By the same Bull, Postquam, of 1585, Sixtus V. also determined that the seventy of the Sacred College should consist of six cardinal bishops, fifty cardinal priests, and fourteen cardinal deacons. The first are the bishops of the sees immediately around Rome. The deacons take their titles from the diaconie, established in the earliest centuries, and attached to certain churches, for the assistance and support of the widows and orphans of the faithful; and the cardinal priests take theirs from the most noted, venerable, and ancient of the parish churches in Rome.

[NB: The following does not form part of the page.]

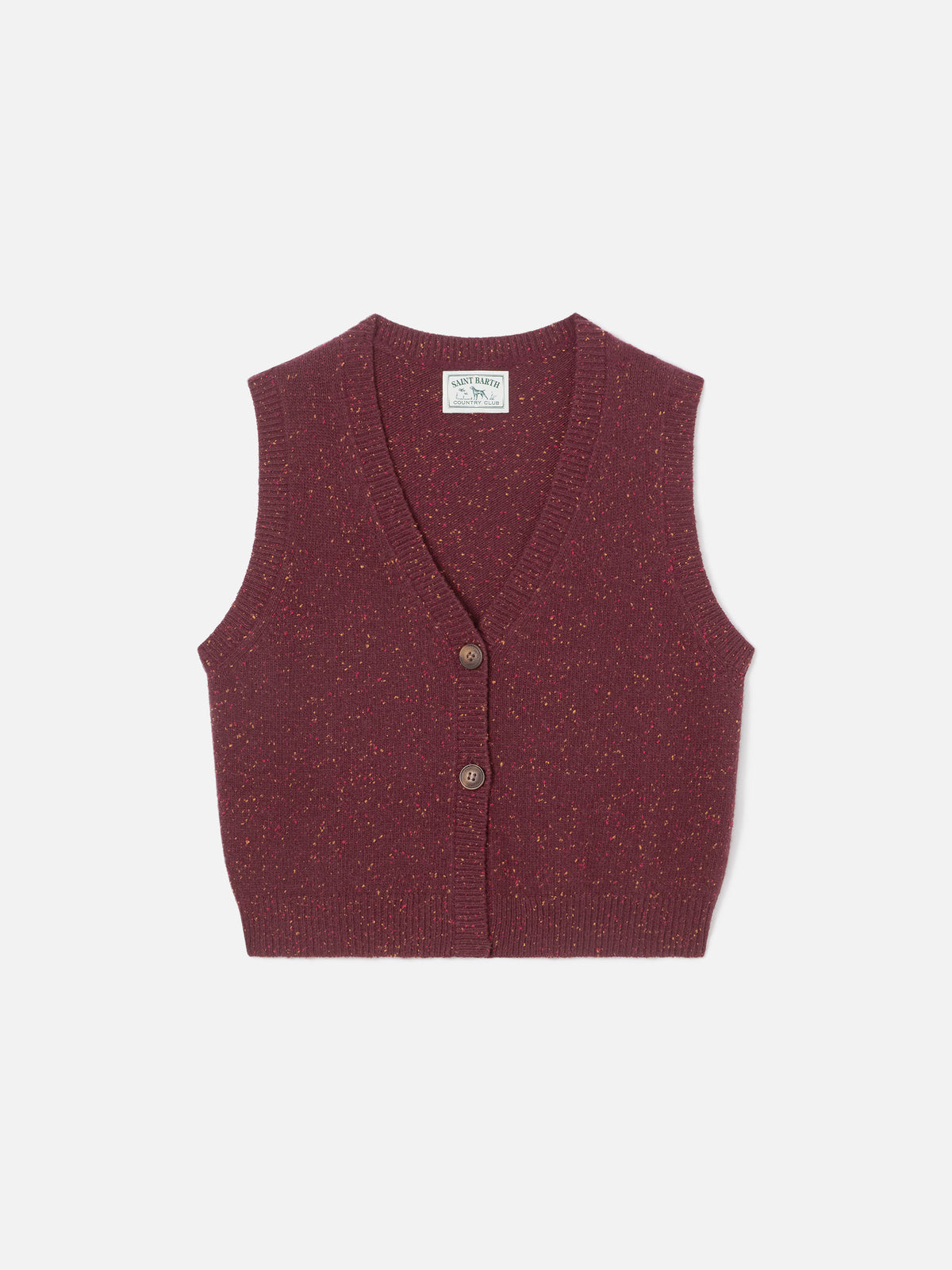 Gilet en maille mélangée laine Donegal Aubergine Carette 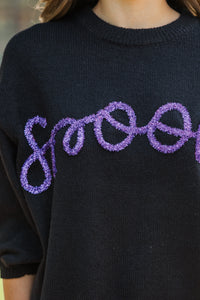 Let's Get Spooky Black Script Sweater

As mistakes are frequently made about the assumption and "choice " of their titles by newly-created cardinals, it may be as well here to give a list of the titles, or sees or churches, after which the cardinals are designated. The cardinal bishops are the holders of the sees of-1, Ostia and Velletri; 2, Porto and St. Rufina; 3, Albano; 4, Frascati; 5, Palestrina;

6, Sabina. The fifty "titular" churches are St. Lorenzo in Lucina, St. Agostino, St. Alessio, St. Agnes, St. Anastasia, Saints Andrew and Gregory on Monte Celio, the Twelve Apostles, St. Balbina, St. Bartholomew in the Island, St. Bernard at the Diocletian Baths, St. Calistus, St. Cecilia, St. Clement, St. Chrisogonus, St. Cross of Jerusalem, St. John at the Porta Latina, Saints John and Paul, St. Jerome of the Slaves, St. Laurence in Damaso, St. Laurence in Panisperna, Saints Marcellinus and Peter, St. Marcellus, St. Mark, St. Mary of the Angels, St. Mary of Peace, St. Mary of Victory, St. Mary of Piazza del Popolo, St. Mary in Aracoeli, St. Mary in Traspontina, St. Mary in Trastevere, St. Mary in Via, St. Mary sopra Minerva, Saints Nereus and Achilleus, St. Onophrius, St. Pancras, St. Peter in Montorio, St. Peter in Vincula, St. Prassede, St. Prisca, St. Pudenziana, the Four Crowned Saints, Saints Quiricus and Julietta, St. Sabina, Saints Sylvester and Martin on the Hill, St. Sylvester in Capite, St. Sixtus, St. Stephen on Monte Celio, St. Susanna, St. Thomas in Parione, the Holy Trinity on Monte Pincio. The fourteen deaconries are as follows: St. Mary in Via Lata, St. Adrian in the Forum, St. Agatha alla Suburra, St. Angelo in Peschiera, St. Cesareo, Saints Cosmo and Damian, St. Eustache, St. George in Velabro, St. Mary ad Martyres, St. Mary della Scala, St. Mary in Aquiro, St. Mary in Cosmedin, St. Mary in Dominica, St. Mary in Portico, St. Nicholas in Carcere, Saints Vitus and Modestus.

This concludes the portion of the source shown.